Now, the City Council’s most recent move to exempt the businesses from the moratorium allows the two applicants to appeal those decisions, which will be taken up by the City Council at public hearings within coming months. Meanwhile, Pennbrooke Financial’s CUP request for the South Street location is set to go before the Planning Commission.
Assistant City Attorney Michael Mais indicated that, historically, the City Council has exempted businesses from moratoriums in similar cases. “In most instances, when we’ve had this similar situation…Council has voted to direct the city attorney to exempt uses in the pipeline,” he said.
Residents and community activists, however, spoke out against exempting the applicants. “I feel that it is ridiculous that we would exempt the ones in the pipeline, as they are the reason we’re talking about the moratorium,” said Lisa Wibroe, a Wrigley neighborhood activist. “In the beginning, that was the whole purpose of it here.”

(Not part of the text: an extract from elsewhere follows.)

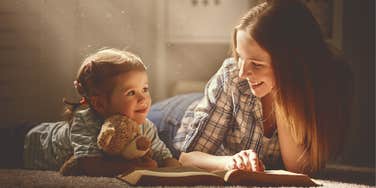 mom enjoying a stress-free moment with her daughter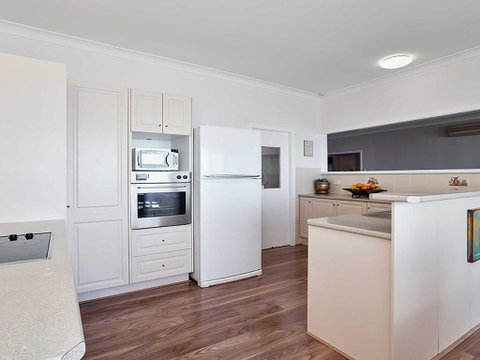 Beached Inn' 93 Foreshore Drive - Spacious Beach Front House - Accommodation Burleigh 2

She said the proposal for a lot at 201 W. Pacific Coast Highway is not ideal for an area that is still struggling to grow after the loss of the city’s redevelopment agency (RDA). She said the site is supposed to be a “cornerstone” to the Wrigley neighborhood. Lee Fukui, a Wrigley district resident, expressed concerns about a check-cashing business called Nix Financial already being located within one block of the empty lot. “This is a beginning of a cluster,” he said.
Although the building has been empty for a decade, Wibroe said the community is better off having no business rather than what’s being proposed. “This place has not been problematic to the Wrigley district empty,” she said. “An empty lot can be better than a blighted business or this type of predatory loan [company].”
Defending the businesses, however, Bernie Delaney, general manager of City Loan at 3431 Cherry Ave., who said he already offers car-title loans, attempted to dispel claims brought by residents that such businesses prey on low-income residents. “I think that limiting people’s ability to have access to funds when the banks have said ‘no’ is a terrible thing,” he said. “There is a need for this.”
Linda Mendoza, who has owned the Wrigley-area lot with her mother Kay Mendoza for the past six years, said various proposals have come forward, including a 99-cents store, a prepaid cell-phone store and an indoor swap meet, but none was suitable for the location. She said a contract with Pennbrooke Financial, which plans to invest in the site, would enable financing for future development that may include a grocery market.